**Exercise:**
With the images removed, return every line below exactly as it reads.

**Dataset extract:**
-=-=-
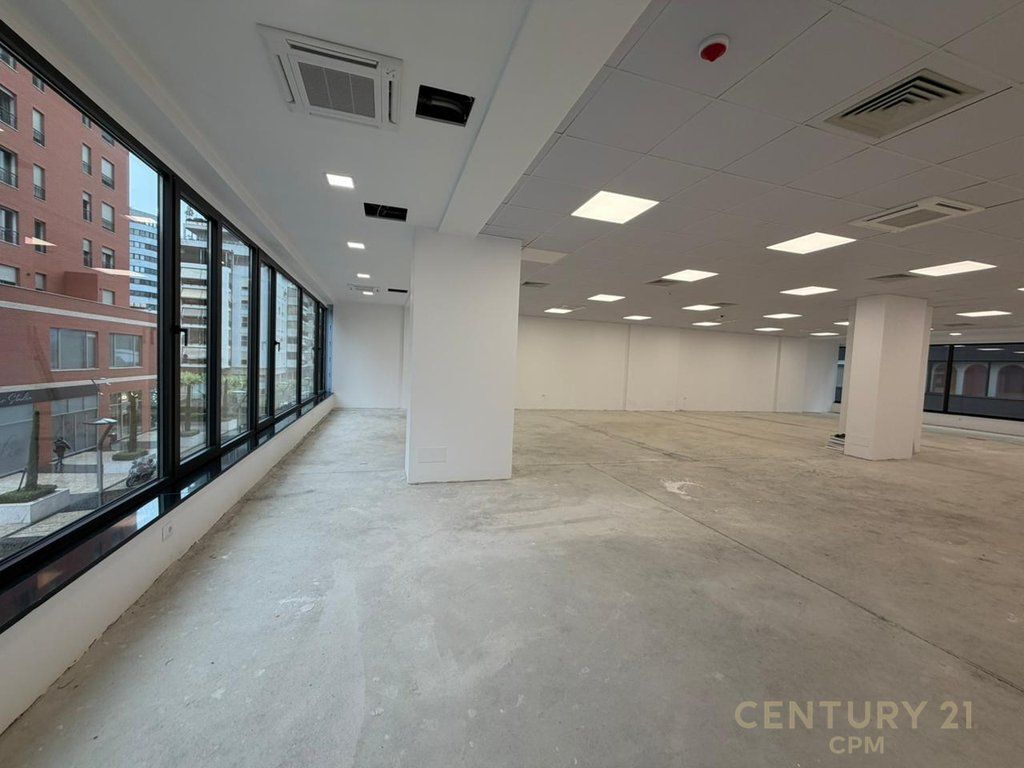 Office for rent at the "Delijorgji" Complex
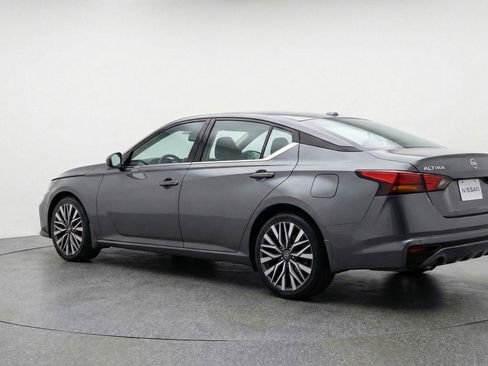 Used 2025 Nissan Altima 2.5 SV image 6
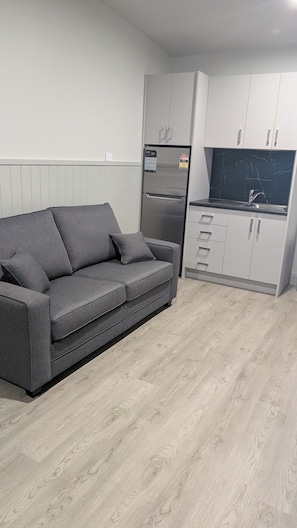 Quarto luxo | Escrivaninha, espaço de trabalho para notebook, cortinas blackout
-=-=-
**Exercise result:**
 Office for rent at the "Delijorgji" Complex
 Used 2025 Nissan Altima 2.5 SV image 6
 Quarto luxo | Escrivaninha, espaço de trabalho para notebook, cortinas blackout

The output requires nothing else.